BAGHDAD - The head of Iraq’s armament programme invited the Bush administration yesterday to inspect ‘‘immediately’’ two sites where Washington suspects Baghdad has resumed its prohibited weapons programmes.

**‘‘The American administration can send whoever it wants to visit the An-Nasr and Al-Furat sites, which it suspects of being used to produce weapons of mass destruction,’’ said Mr Abdel Tawab Mulla Howeish, who is also Military Industries minister. ‘‘If the American administration wants to see the two sites, we urge them to inspect them immediately,’’ he told a press conference. **

The two sites were mentioned in the dossier British Prime Minister Tony Blair released recently on Iraq’s arsenal, while United States President George W. Bush showed a satellite photograph of Al-Furat in a speech this week in which he threatened to disarm Baghdad by force, if necessary.

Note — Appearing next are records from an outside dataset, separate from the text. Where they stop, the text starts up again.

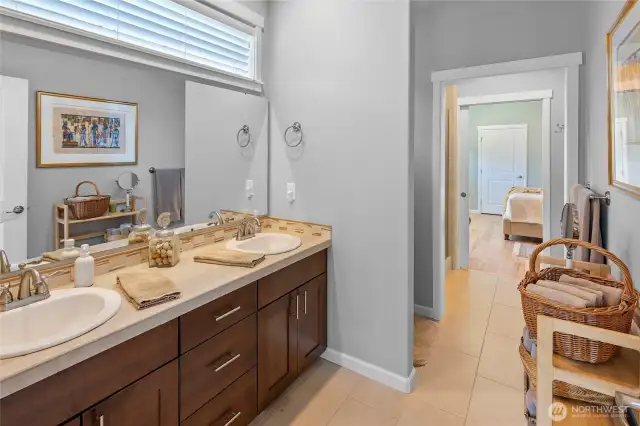 Primary suite with two-sink vanity, tiled shower and radiant heated floor.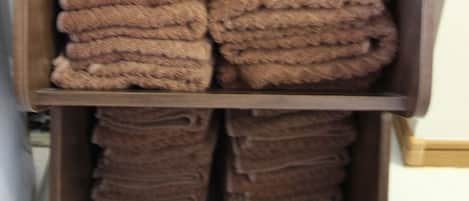 Un cajón con toallas marrones ordenadas.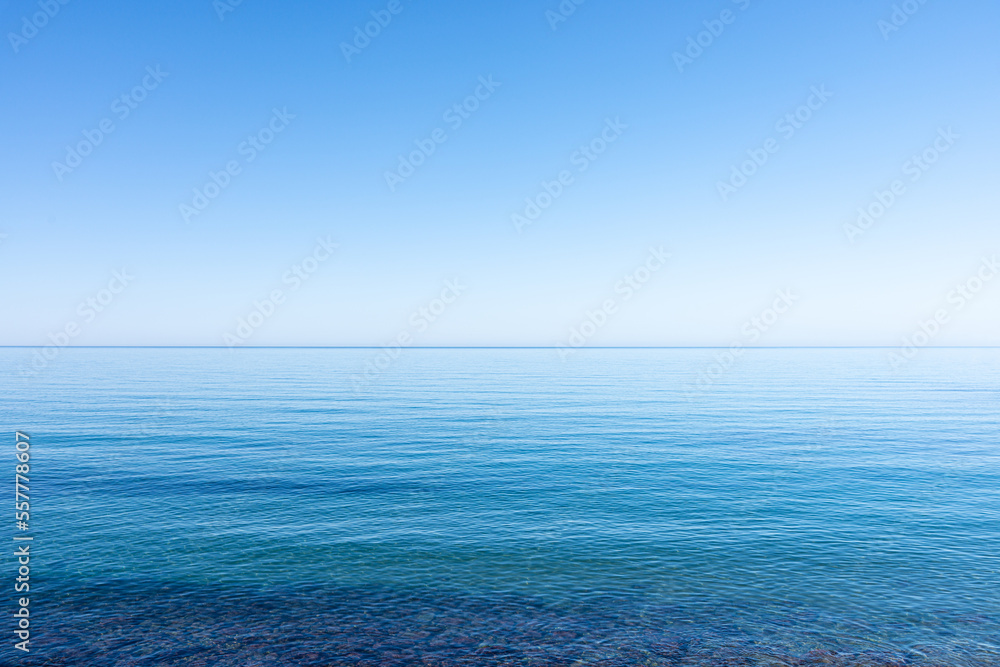 Ocean sky horizon line blends into infinity with blue turquoise colors of ocean waters and cloudless sky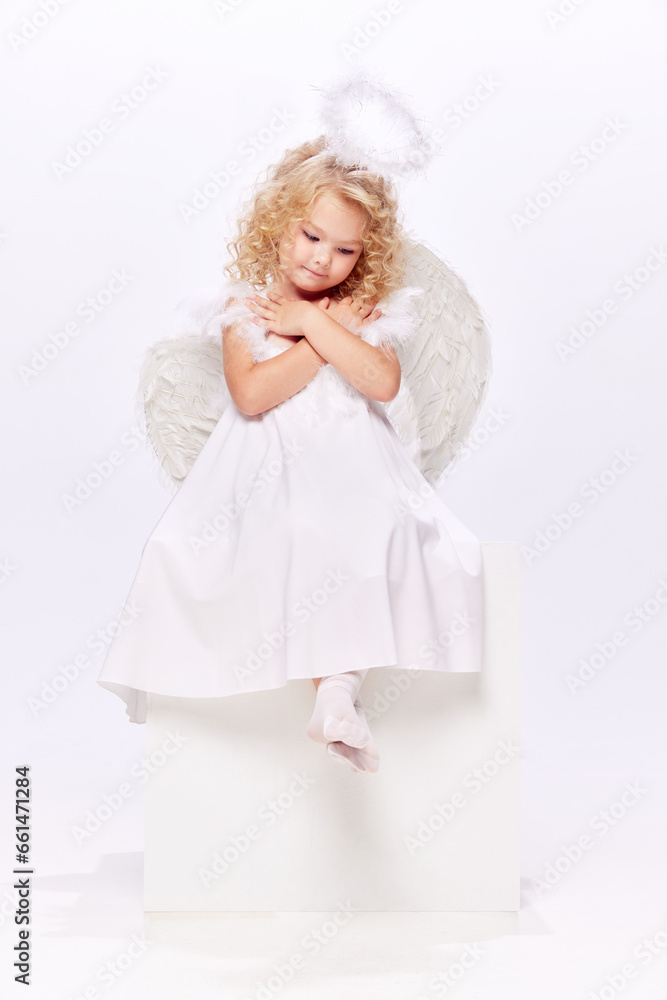 Beautiful cute little girl, child in image of angel, wearing white dress and halo isolated over white studio background. Concept of childhood, imagination, fantasy, fashion and beauty, holidays Beautiful cute little girl, child in image of angel, wearing white dress and halo isolated over white studio background. Concept of childhood, imagination, fantasy, fashion and beauty, holidays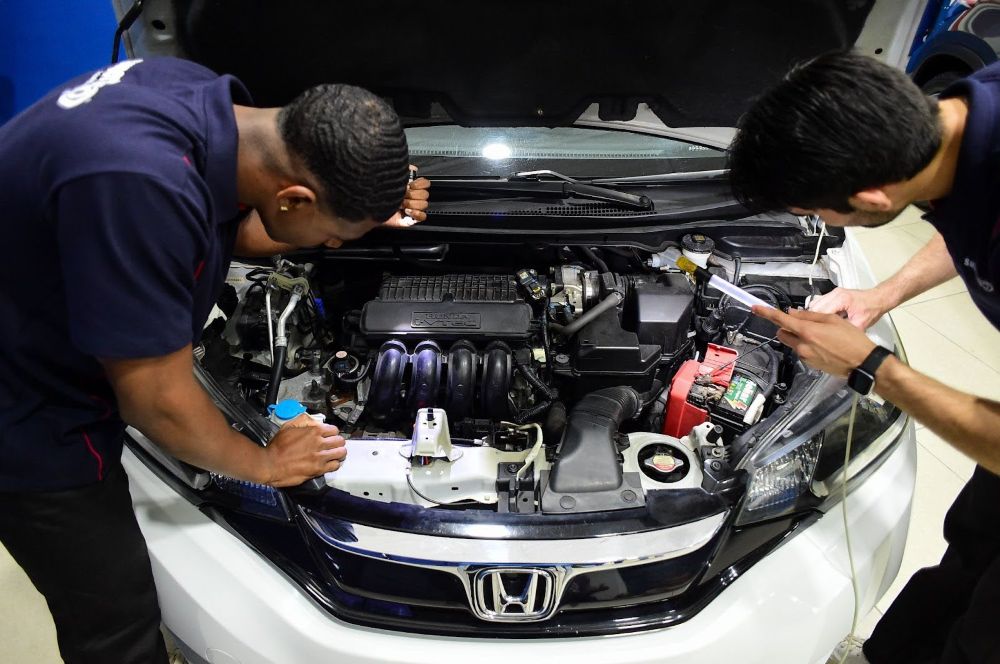 Profissional realiza vistoria cautelar em veículo, inspecionando etiqueta sob o tapete com lanterna para garantir autenticidade e segurança.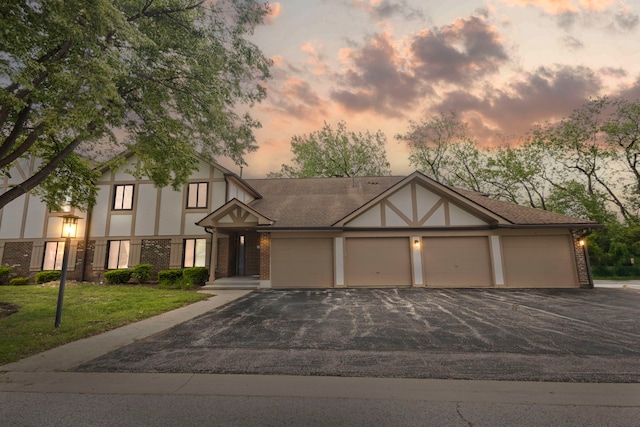 913 Knottingham Dr Unit 2A, Schaumburg, IL 60193 - tudor-style house featuring brick siding, driveway, stucco siding, and a front yard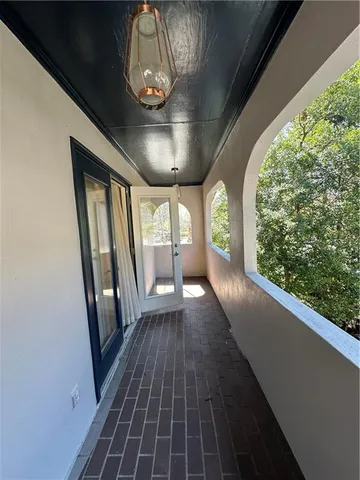 a view of balcony with wooden floor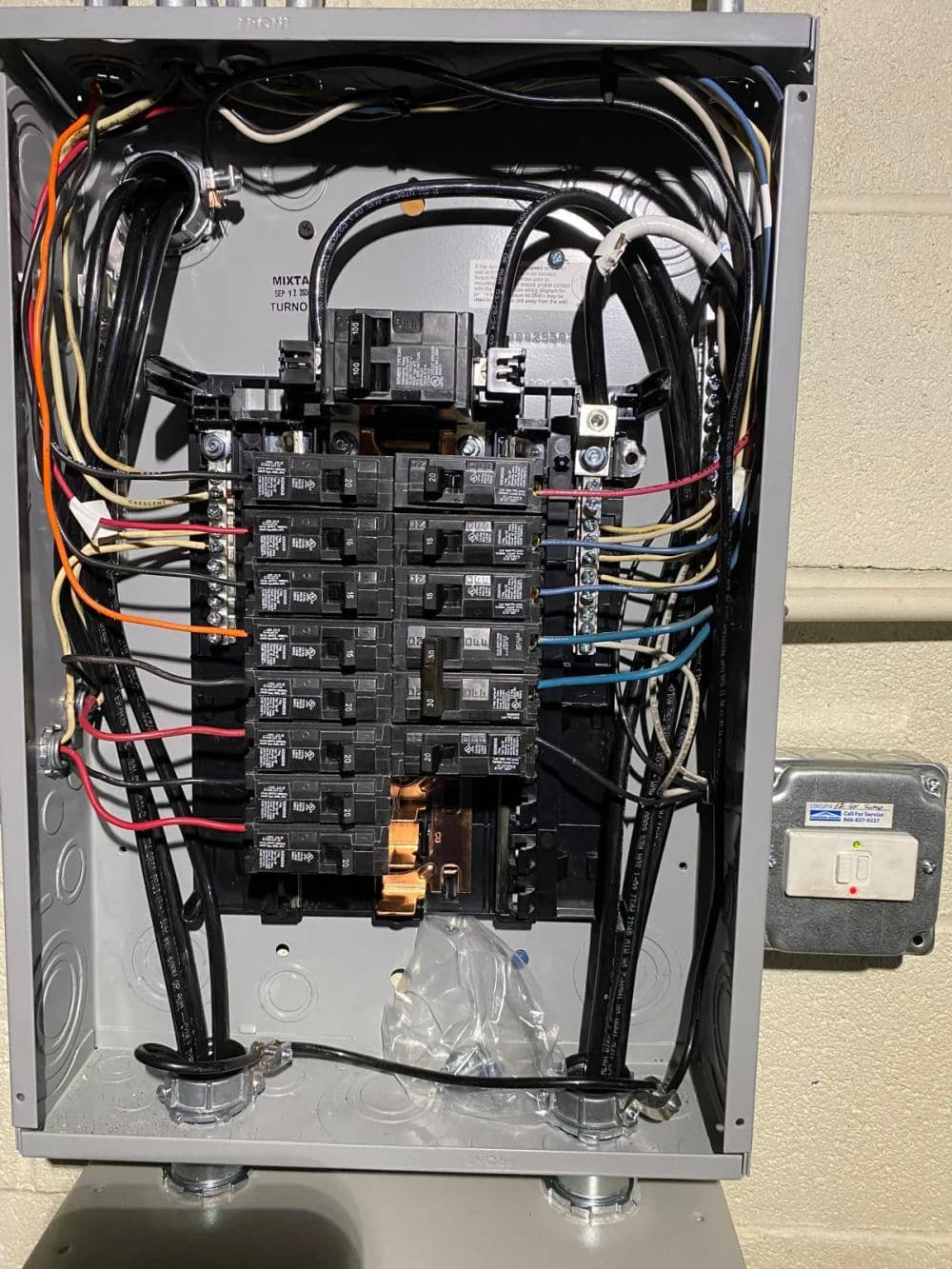 Electrical panel with circuit breakers and wires, showcasing wiring organization and safety features.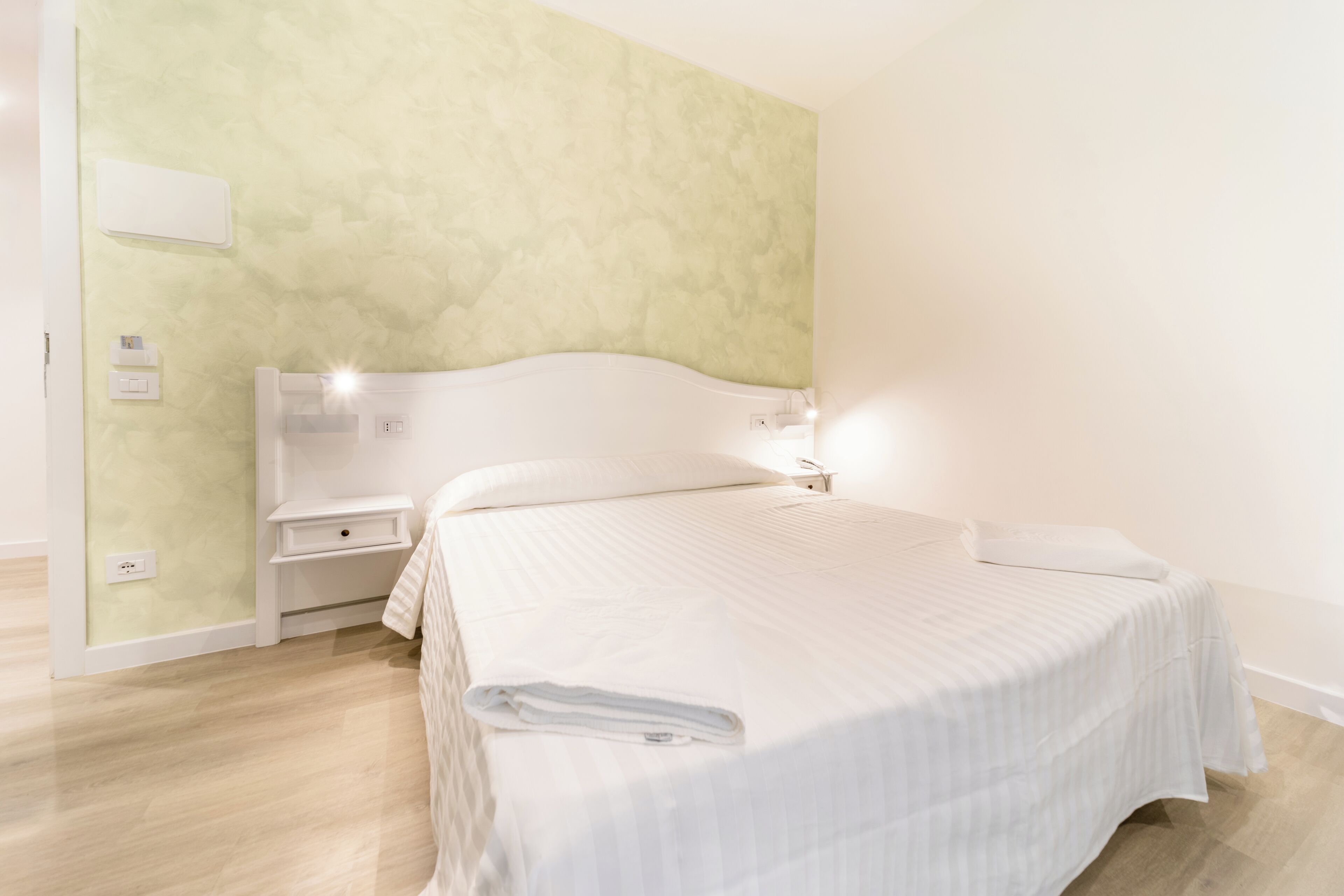 A hotel room with a bed, bedside tables, and a light-colored wall.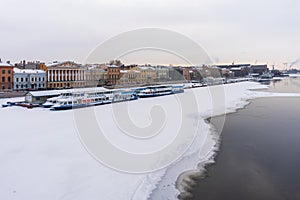 St. Petersburg, Russia, February 10, 2024. View of the Neva River embankment with a parking lot for motor ships.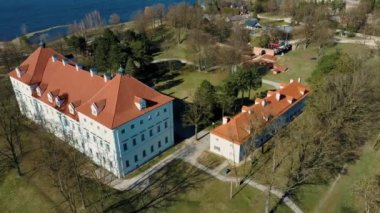 Birzai Kalesinin Hava Çekimi, Birzai Kalesi - Birzai 'de bir kale, Litvanya' daki Irvna Gölü 'nün güney kıyısında, Güneşli Bahar Günü. Tarihi Güzel Kilise ve Birzai Şehri Panoraması 4K UHD Kararı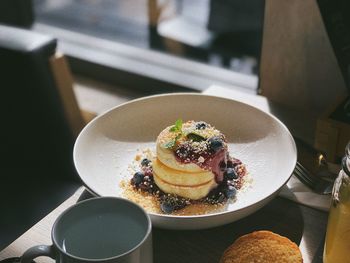 Close-up of cake served on table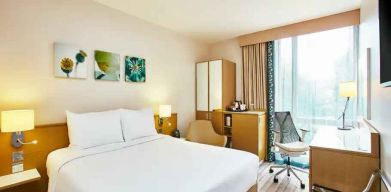 King bedroom with desk and window at the Hilton Garden Inn Birmingham Brindleyplace.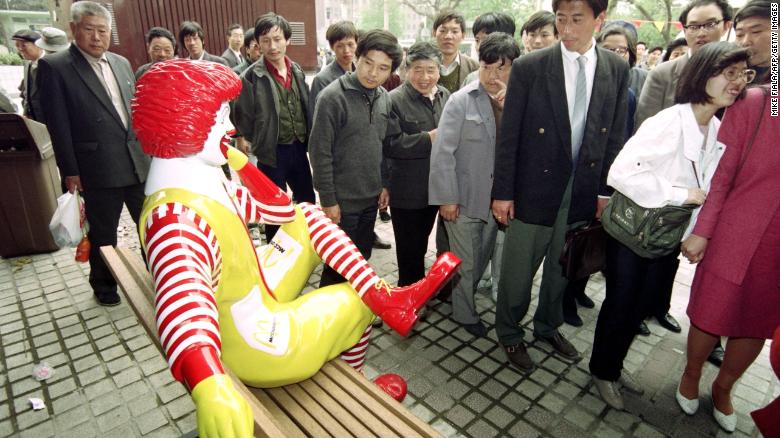 Passers-by keep their distance from Ronald McDonald as he sits outside the first McDonalds restaurant to be opened in Beijing on April 20, 1992.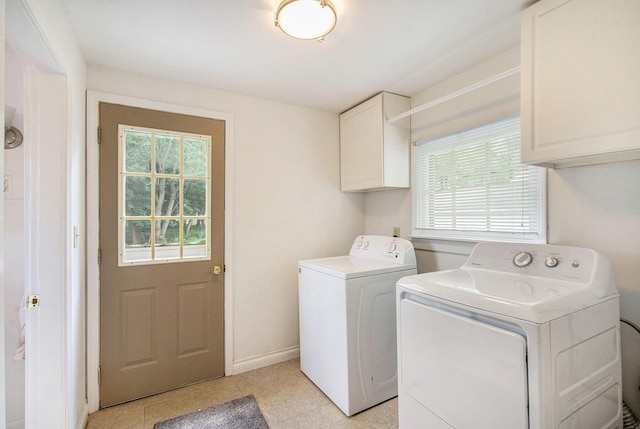240 Stillwell Ave, Michigan Center, MI 49254 - washroom featuring washing machine and clothes dryer, cabinet space, plenty of natural light, and light tile patterned flooring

**Mr Howeish said sites ‘‘used to produce metal and moulded structures for cement bound for industrial and real-estate construction were inspected by the United Nations between 1992 and 1998, notably the International Atomic Energy Agency, and were destroyed in US bombings in 1991 and 1998’’. **

‘‘All we have done is rebuild the An-Nasr site without enlarging it, while we have undertaken no work at the Al-Furat site,’’ he said. ''We have the right to rebuild the sites and businesses that are used to reconstruct Iraq. ‘‘We do not have weapons of mass destruction. We do not have programmes or plans to produce them and we have not violated UN Security Council resolutions relating to this issue in the absence of inspectors,’’ he said.

**On Sept 16, Iraq accepted the unconditional return of UN weapons inspectors after a near four-year hiatus. But the inspectors’ mission is currently on hold while the US and Britain wrangle with the other three permanent members of the Security Council - France, Russia and China - for a tough new resolution. **

UN arms chief Hans Blix and IAEA director Mohammad el-Baradei said in a joint letter published on Tuesday that Iraq had agreed in talks in Vienna last week that weapons inspectors would be granted immediate, unconditional and unrestricted access to sites deemed sensitive in the past, including eight presidential palaces.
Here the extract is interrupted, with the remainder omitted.